--- WHAT YOU SHOULD DO ---
Return all the entries below exactly as they were given.

--- PROVIDED DATA ---
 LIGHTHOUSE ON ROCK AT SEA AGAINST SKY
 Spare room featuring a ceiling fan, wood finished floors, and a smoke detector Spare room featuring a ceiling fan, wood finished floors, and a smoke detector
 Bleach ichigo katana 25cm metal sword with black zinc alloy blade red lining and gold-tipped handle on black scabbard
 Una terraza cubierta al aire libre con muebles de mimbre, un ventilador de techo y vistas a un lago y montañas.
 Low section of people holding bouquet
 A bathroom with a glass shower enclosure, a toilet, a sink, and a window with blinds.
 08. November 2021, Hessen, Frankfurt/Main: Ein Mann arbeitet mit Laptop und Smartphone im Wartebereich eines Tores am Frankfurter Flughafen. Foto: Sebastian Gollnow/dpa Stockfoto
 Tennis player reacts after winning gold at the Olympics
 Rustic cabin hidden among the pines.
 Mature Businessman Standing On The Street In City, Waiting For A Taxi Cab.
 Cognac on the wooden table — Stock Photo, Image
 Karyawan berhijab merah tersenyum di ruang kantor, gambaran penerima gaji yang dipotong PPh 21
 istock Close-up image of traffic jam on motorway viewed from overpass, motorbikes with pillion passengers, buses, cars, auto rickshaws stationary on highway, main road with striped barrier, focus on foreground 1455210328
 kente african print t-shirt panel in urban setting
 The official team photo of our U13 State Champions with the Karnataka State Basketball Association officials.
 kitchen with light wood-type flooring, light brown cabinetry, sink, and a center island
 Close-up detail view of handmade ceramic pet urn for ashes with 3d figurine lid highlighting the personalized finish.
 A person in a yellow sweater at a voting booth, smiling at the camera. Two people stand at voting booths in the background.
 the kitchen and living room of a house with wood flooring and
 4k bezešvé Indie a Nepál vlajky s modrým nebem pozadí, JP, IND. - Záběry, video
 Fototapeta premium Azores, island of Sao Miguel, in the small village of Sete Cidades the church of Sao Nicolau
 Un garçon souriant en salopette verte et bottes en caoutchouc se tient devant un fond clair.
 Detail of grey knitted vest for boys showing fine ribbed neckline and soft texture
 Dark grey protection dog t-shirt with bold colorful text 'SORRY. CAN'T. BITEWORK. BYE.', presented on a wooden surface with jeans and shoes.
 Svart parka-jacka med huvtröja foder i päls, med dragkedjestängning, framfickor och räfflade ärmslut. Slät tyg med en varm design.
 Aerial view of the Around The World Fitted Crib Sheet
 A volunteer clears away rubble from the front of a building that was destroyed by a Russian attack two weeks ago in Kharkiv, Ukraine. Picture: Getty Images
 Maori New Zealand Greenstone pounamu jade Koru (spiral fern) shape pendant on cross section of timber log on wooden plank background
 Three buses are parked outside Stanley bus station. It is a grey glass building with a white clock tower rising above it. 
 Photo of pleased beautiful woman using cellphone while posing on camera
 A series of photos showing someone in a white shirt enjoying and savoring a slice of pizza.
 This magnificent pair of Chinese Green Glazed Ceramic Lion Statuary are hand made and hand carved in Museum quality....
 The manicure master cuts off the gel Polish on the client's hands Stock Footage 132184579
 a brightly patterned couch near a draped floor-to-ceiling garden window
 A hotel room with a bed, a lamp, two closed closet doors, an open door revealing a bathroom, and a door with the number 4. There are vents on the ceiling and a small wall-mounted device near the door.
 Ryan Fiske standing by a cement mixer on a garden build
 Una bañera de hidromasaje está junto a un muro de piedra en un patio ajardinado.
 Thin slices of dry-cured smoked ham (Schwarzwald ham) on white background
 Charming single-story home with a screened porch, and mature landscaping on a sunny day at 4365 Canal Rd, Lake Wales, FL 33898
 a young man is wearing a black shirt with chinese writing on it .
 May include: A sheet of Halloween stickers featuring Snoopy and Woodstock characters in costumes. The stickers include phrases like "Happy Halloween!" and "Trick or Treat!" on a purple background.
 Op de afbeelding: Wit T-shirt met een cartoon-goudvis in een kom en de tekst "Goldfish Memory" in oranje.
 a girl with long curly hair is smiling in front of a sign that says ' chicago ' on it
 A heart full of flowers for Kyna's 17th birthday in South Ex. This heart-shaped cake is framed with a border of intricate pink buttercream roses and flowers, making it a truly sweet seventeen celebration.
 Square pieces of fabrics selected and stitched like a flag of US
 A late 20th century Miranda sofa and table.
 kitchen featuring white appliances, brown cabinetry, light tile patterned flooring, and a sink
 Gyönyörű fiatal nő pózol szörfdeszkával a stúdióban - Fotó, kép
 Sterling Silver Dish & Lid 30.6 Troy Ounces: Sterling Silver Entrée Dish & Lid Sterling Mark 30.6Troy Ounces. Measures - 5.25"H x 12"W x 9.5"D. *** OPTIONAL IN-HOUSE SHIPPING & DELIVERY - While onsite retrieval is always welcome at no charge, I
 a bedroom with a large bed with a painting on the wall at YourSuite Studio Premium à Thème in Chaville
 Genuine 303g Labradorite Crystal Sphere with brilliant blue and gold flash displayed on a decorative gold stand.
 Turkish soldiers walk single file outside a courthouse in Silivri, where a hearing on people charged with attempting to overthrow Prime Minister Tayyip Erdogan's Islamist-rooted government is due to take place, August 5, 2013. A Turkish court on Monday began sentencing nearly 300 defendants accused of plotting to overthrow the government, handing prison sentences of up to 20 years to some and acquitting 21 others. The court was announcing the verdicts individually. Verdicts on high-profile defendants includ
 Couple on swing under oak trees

--- RESULT OF THE EXERCISE ---
 LIGHTHOUSE ON ROCK AT SEA AGAINST SKY
 Spare room featuring a ceiling fan, wood finished floors, and a smoke detector Spare room featuring a ceiling fan, wood finished floors, and a smoke detector
 Bleach ichigo katana 25cm metal sword with black zinc alloy blade red lining and gold-tipped handle on black scabbard
 Una terraza cubierta al aire libre con muebles de mimbre, un ventilador de techo y vistas a un lago y montañas.
 Low section of people holding bouquet
 A bathroom with a glass shower enclosure, a toilet, a sink, and a window with blinds.
 08. November 2021, Hessen, Frankfurt/Main: Ein Mann arbeitet mit Laptop und Smartphone im Wartebereich eines Tores am Frankfurter Flughafen. Foto: Sebastian Gollnow/dpa Stockfoto
 Tennis player reacts after winning gold at the Olympics
 Rustic cabin hidden among the pines.
 Mature Businessman Standing On The Street In City, Waiting For A Taxi Cab.
 Cognac on the wooden table — Stock Photo, Image
 Karyawan berhijab merah tersenyum di ruang kantor, gambaran penerima gaji yang dipotong PPh 21
 istock Close-up image of traffic jam on motorway viewed from overpass, motorbikes with pillion passengers, buses, cars, auto rickshaws stationary on highway, main road with striped barrier, focus on foreground 1455210328
 kente african print t-shirt panel in urban setting
 The official team photo of our U13 State Champions with the Karnataka State Basketball Association officials.
 kitchen with light wood-type flooring, light brown cabinetry, sink, and a center island
 Close-up detail view of handmade ceramic pet urn for ashes with 3d figurine lid highlighting the personalized finish.
 A person in a yellow sweater at a voting booth, smiling at the camera. Two people stand at voting booths in the background.
 the kitchen and living room of a house with wood flooring and
 4k bezešvé Indie a Nepál vlajky s modrým nebem pozadí, JP, IND. - Záběry, video
 Fototapeta premium Azores, island of Sao Miguel, in the small village of Sete Cidades the church of Sao Nicolau
 Un garçon souriant en salopette verte et bottes en caoutchouc se tient devant un fond clair.
 Detail of grey knitted vest for boys showing fine ribbed neckline and soft texture
 Dark grey protection dog t-shirt with bold colorful text 'SORRY. CAN'T. BITEWORK. BYE.', presented on a wooden surface with jeans and shoes.
 Svart parka-jacka med huvtröja foder i päls, med dragkedjestängning, framfickor och räfflade ärmslut. Slät tyg med en varm design.
 Aerial view of the Around The World Fitted Crib Sheet
 A volunteer clears away rubble from the front of a building that was destroyed by a Russian attack two weeks ago in Kharkiv, Ukraine. Picture: Getty Images
 Maori New Zealand Greenstone pounamu jade Koru (spiral fern) shape pendant on cross section of timber log on wooden plank background
 Three buses are parked outside Stanley bus station. It is a grey glass building with a white clock tower rising above it. 
 Photo of pleased beautiful woman using cellphone while posing on camera
 A series of photos showing someone in a white shirt enjoying and savoring a slice of pizza.
 This magnificent pair of Chinese Green Glazed Ceramic Lion Statuary are hand made and hand carved in Museum quality....
 The manicure master cuts off the gel Polish on the client's hands Stock Footage 132184579
 a brightly patterned couch near a draped floor-to-ceiling garden window
 A hotel room with a bed, a lamp, two closed closet doors, an open door revealing a bathroom, and a door with the number 4. There are vents on the ceiling and a small wall-mounted device near the door.
 Ryan Fiske standing by a cement mixer on a garden build
 Una bañera de hidromasaje está junto a un muro de piedra en un patio ajardinado.
 Thin slices of dry-cured smoked ham (Schwarzwald ham) on white background
 Charming single-story home with a screened porch, and mature landscaping on a sunny day at 4365 Canal Rd, Lake Wales, FL 33898
 a young man is wearing a black shirt with chinese writing on it .
 May include: A sheet of Halloween stickers featuring Snoopy and Woodstock characters in costumes. The stickers include phrases like "Happy Halloween!" and "Trick or Treat!" on a purple background.
 Op de afbeelding: Wit T-shirt met een cartoon-goudvis in een kom en de tekst "Goldfish Memory" in oranje.
 a girl with long curly hair is smiling in front of a sign that says ' chicago ' on it
 A heart full of flowers for Kyna's 17th birthday in South Ex. This heart-shaped cake is framed with a border of intricate pink buttercream roses and flowers, making it a truly sweet seventeen celebration.
 Square pieces of fabrics selected and stitched like a flag of US
 A late 20th century Miranda sofa and table.
 kitchen featuring white appliances, brown cabinetry, light tile patterned flooring, and a sink
 Gyönyörű fiatal nő pózol szörfdeszkával a stúdióban - Fotó, kép
 Sterling Silver Dish & Lid 30.6 Troy Ounces: Sterling Silver Entrée Dish & Lid Sterling Mark 30.6Troy Ounces. Measures - 5.25"H x 12"W x 9.5"D. *** OPTIONAL IN-HOUSE SHIPPING & DELIVERY - While onsite retrieval is always welcome at no charge, I
 a bedroom with a large bed with a painting on the wall at YourSuite Studio Premium à Thème in Chaville
 Genuine 303g Labradorite Crystal Sphere with brilliant blue and gold flash displayed on a decorative gold stand.
 Turkish soldiers walk single file outside a courthouse in Silivri, where a hearing on people charged with attempting to overthrow Prime Minister Tayyip Erdogan's Islamist-rooted government is due to take place, August 5, 2013. A Turkish court on Monday began sentencing nearly 300 defendants accused of plotting to overthrow the government, handing prison sentences of up to 20 years to some and acquitting 21 others. The court was announcing the verdicts individually. Verdicts on high-profile defendants includ
 Couple on swing under oak trees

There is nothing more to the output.